▸ ENTRIES SUPPLIED
══════

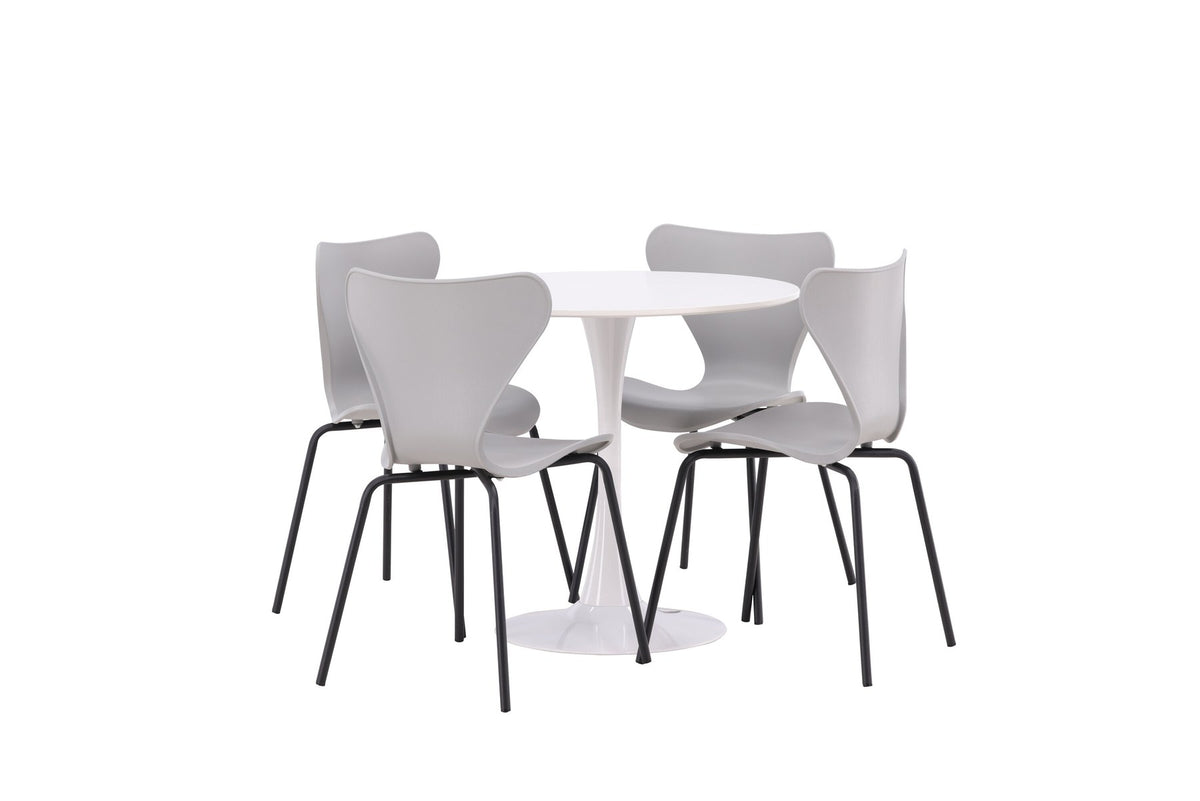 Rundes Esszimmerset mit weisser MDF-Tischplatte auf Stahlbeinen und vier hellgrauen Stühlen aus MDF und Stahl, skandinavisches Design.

══════

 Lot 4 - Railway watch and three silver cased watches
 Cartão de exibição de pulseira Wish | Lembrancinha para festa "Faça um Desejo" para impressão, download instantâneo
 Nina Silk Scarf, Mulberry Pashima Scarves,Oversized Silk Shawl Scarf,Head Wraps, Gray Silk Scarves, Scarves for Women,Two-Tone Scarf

══════

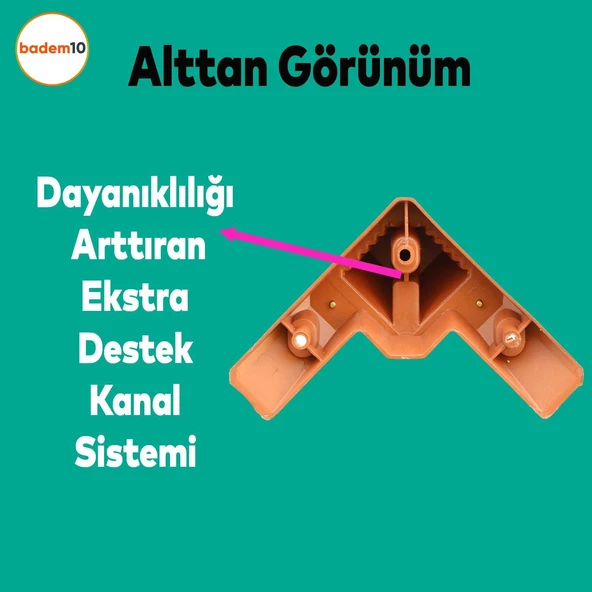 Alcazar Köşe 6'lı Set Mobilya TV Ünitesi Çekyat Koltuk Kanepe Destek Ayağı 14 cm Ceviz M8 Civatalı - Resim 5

══════

▸ EXERCISE BRIEF
For this exercise, please output exactly the lines above starting at the line with "Cartão de exibição" and ending at the line with "Nina Silk Scarf, Mulberry", ends included.

▸ RESULT OF THIS EXERCISE
 Cartão de exibição de pulseira Wish | Lembrancinha para festa "Faça um Desejo" para impressão, download instantâneo
 Nina Silk Scarf, Mulberry Pashima Scarves,Oversized Silk Shawl Scarf,Head Wraps, Gray Silk Scarves, Scarves for Women,Two-Tone Scarf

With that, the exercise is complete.